问题
here's some xml i'm parsing:
<?xml version="1.0" encoding="utf-8"?>
<data>
<row ows_Document='Weekly Report 10.21.2020'
ows_Category='Weekly Report'/>
<row ows_Document='Daily Update 10.20.2020'
ows_Category='Daily Update'/>
<row ows_Document='Weekly Report 10.14.2020'
ows_Category='Weekly Report'/>
<row ows_Document='Weekly Report 10.07.2020'
ows_Category='Weekly Report'/>
<row ows_Document='Spanish: Reporte Semanal 07.10.2020'
ows_Category='Weekly Report'/>
</data>
i've been trying to figure out how to get the conduit parser to reject records unless ows_Category
is Weekly Report
and ows_Document
doesn't contain Spanish
. at first, i used a dummy value (in parseDoc'
below) to filter them out after parsing, but then i realized i should be able to use Maybe
(in the otherwise identical parseDoc
below), together with join
to collapse out my Maybe
layer with the one used by tag'
event parser that fails based on name or attribute matches. it compiles, but behaves bizarrely, apparently not even trying to send certain elements to the parser! how could this be?
{-# LANGUAGE OverloadedStrings #-}
import Conduit
import Control.Monad
import qualified Data.ByteString.Lazy.Char8 as L8
import Data.Foldable
import Data.String
import qualified Data.Text as T
import Data.XML.Types
import Text.XML.Stream.Parse
newtype Doc = Doc
{ name :: String
} deriving (Show)
main :: IO ()
main = do
r <- L8.readFile "oha.xml"
let doc = Doc . T.unpack
check (x,y) a b = if y == "Weekly Report" && not (T.isInfixOf "Spanish" x) then a else b
t :: (MonadThrow m, MonadIO m) => ((T.Text, T.Text) -> ConduitT Event o m c)

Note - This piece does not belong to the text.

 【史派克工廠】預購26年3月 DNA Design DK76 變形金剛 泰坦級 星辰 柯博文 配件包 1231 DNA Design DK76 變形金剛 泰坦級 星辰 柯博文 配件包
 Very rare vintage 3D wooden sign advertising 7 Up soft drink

-> ConduitT Event o m (Maybe c)
t f = tag' "row" ((,) <$> requireAttr "ows_Document" <*> requireAttr "ows_Category") $ \x -> do
liftIO $ print x
f x
parseDoc, parseDoc' :: (MonadThrow m, MonadIO m) => ConduitT Event o m (Maybe Doc)
parseDoc = (join <$>) . t $ \z@(x,_) -> return $ check z (Just $ doc x) Nothing -- this version doesn't get sent all of the data! why!?!?
parseDoc' = t $ \z@(x,_) -> return $ doc $ check z x $ T.pack bad -- dummy value
parseDocs :: (MonadThrow m, MonadIO m) => ConduitT Event o m (Maybe Doc)
-> ConduitT Event o m [Doc]
parseDocs = f tagNoAttr "data" . many'
f g n = force (n <> " required") . g (fromString n)
go p = runConduit $ parseLBS def r .| parseDocs p
bad = "no good"
traverse_ print =<< go parseDoc
putStrLn ""
traverse_ print =<< filter ((/= bad) . name) <$> go parseDoc'
output -- notice how parseDoc
isn't even sent one of the records (one that should succeed, from 10.14), while parseDoc'
behaves as expected:
("Weekly Report 10.21.2020","Weekly Report")
("Daily Update 10.20.2020","Daily Update")
("Weekly Report 10.07.2020","Weekly Report")
("Spanish: Reporte Semanal 07.10.2020","Weekly Report")
Doc {name = "Weekly Report 10.21.2020"}
Doc {name = "Weekly Report 10.07.2020"}
("Weekly Report 10.21.2020","Weekly Report")
("Daily Update 10.20.2020","Daily Update")
("Weekly Report 10.14.2020","Weekly Report")
("Weekly Report 10.07.2020","Weekly Report")
("Spanish: Reporte Semanal 07.10.2020","Weekly Report")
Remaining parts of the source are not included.